1つは、特定商圏のみをターゲットとしたアプリがどこまで受け入れられるかだ。今回の例でいえば、コンビニPayがそれに該当するが、それ以外にも地域通貨的なもので「投入した資金を特定地域のみで環流させる」ことを目的としたものも該当する。地域通貨の場合はユーザーの移動範囲も限られており、実際にほとんどの店舗で利用できるなど相応のメリットが存在するならば問題ない。
だがコンビニPayのように特定チェーンのみでの利用に限られる決済手段の場合、決済ツールとしてはあまり活用されず、クーポン利用などが中心になると予想する。またスケールしないビジネスでは、各社が掲げているビッグデータ活用も機能しない可能性が高い。
2つ目の懸念は、自社サービス拡大のために他社サービスの活動を阻害する行為だ。例えば、日経ビジネスで原隆氏がレポートしているが、ゆうちょ銀行がモバイル決済を提供する他の事業者との接続に際し、高い接続料を要求しているという話がある。
○○Payのモバイル決済サービスでは、銀行口座経由でユーザーに利用金額をチャージしてもらい、これを支払いや送金に充てる仕組みが構築されている。その際、口座数1億2000万という日本の人口とほぼ同規模の巨大シェアを持つゆうちょ銀行は格好の提携相手であり、実際に広く活用されてきた。
だがレポートによれば、既存と新規問わず接続料を大幅に引き上げたことが報告されている。ゆうちょ銀行では「ゆうちょPayへの誘導を目的とした施策ではない」と否定しているものの、筆者も4月以降に接続料が上がったという話を聞いており、「これまでの一方的に接続先として資金を吸い上げられる関係ではなく、これをビジネスとして成り立たせつつ、ゆうちょPayも盛り上げていく」という意図があるのは確かだろう。
長い低金利時代が続く中、金融機関の収益源は限られつつあり、特に体力の弱い地方銀行を中心に存続の危機が叫ばれている。これはゆうちょ銀行も例外ではなく、今後似たような形で各行が接続料や手数料を引き上げる形で収益源とし、結果としてモバイル決済市場の盛り上がりを阻害する可能性がある。
3つ目は、今回の7payのようにセキュリティが甘い、あるいはアプリとしてのコンセプトや完成度が低いものが増え、利用者離れを起こす懸念だ。ネガティブニュースが連日報じられる形で「モバイル決済は危険」という情報が拡散されることは、キャッシュレス普及施策を掲げる国にとってもマイナスでしかない。
同様に、これまでモバイルアプリ戦略への取り組みが弱い金融機関が銀行系Payで大量参入することで、セキュリティ上の問題を抱えている、あるいは使い勝手の悪いアプリや機能性の低いアプリが大量に市場投入されることを考えれば、これらに触れたユーザーがモバイル決済に関して悪い印象を抱いてもおかしくはない。

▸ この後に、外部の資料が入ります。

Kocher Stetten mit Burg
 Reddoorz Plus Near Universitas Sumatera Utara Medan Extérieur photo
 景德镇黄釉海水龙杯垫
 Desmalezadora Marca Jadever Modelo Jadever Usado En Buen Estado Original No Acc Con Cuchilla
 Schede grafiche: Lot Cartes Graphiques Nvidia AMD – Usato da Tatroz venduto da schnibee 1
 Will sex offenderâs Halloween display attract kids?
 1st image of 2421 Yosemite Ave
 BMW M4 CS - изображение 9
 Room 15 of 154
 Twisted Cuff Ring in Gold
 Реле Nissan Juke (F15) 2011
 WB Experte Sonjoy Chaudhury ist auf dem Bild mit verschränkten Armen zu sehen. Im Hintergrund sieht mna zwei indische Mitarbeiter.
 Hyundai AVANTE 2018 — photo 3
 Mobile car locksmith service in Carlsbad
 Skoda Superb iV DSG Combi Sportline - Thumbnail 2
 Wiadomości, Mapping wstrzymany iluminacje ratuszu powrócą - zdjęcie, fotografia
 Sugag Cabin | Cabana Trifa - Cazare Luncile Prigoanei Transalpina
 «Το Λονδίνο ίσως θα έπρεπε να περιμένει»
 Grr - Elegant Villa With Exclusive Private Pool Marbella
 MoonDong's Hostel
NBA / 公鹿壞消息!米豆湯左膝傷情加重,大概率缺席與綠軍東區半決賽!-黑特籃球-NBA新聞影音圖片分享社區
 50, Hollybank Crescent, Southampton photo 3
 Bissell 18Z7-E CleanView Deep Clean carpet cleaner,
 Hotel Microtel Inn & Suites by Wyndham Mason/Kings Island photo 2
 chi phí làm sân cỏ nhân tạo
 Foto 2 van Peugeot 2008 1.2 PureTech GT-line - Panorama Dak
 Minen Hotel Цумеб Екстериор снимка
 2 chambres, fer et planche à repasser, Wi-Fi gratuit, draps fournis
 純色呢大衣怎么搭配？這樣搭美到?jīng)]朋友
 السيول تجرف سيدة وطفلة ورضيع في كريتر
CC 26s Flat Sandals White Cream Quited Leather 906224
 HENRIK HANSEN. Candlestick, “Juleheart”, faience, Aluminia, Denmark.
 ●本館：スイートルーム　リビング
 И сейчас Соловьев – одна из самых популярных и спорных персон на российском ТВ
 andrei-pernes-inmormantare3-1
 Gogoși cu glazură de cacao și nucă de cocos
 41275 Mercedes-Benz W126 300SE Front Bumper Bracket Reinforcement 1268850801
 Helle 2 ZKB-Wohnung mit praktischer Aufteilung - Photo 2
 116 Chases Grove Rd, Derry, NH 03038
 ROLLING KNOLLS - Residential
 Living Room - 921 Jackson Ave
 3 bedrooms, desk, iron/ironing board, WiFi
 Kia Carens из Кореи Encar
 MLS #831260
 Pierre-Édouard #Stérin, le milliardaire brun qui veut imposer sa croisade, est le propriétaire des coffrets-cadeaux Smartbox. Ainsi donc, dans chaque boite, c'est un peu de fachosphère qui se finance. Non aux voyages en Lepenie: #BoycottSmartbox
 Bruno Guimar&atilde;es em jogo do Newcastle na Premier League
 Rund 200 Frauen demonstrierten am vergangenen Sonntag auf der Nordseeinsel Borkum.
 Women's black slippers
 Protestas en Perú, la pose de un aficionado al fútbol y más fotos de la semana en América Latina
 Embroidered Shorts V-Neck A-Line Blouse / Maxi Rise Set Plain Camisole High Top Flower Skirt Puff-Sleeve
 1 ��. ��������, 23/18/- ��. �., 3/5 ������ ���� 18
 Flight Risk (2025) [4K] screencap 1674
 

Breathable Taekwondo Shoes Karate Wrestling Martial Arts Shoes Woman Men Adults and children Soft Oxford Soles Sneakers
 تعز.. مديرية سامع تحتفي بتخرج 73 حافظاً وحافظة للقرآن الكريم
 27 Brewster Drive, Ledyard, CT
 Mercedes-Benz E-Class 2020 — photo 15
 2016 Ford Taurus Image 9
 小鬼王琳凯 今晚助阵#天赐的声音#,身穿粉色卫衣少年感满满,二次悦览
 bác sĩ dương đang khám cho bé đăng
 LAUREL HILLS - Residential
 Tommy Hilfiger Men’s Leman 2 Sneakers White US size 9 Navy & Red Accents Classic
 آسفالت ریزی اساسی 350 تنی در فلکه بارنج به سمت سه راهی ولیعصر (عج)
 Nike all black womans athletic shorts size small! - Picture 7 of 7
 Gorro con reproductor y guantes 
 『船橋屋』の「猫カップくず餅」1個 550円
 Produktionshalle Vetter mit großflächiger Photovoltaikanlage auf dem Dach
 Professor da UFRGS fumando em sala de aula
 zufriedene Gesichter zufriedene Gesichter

モバイルアプリは誰でも作れるという意見をたまに聞くが、真に安心安全で便利なアプリを提供しているベンダーはそれほど多くない。ノウハウなしで乗り切れるほど甘い世界ではないからだ。参入自体は容易な市場ではあるが、実際に生き残れるかは別の話だ。事業者は自身のビジネスのコアがどこにあるかを認識しつつ、目指すべきターゲットに本当に必要なものを提供してほしい。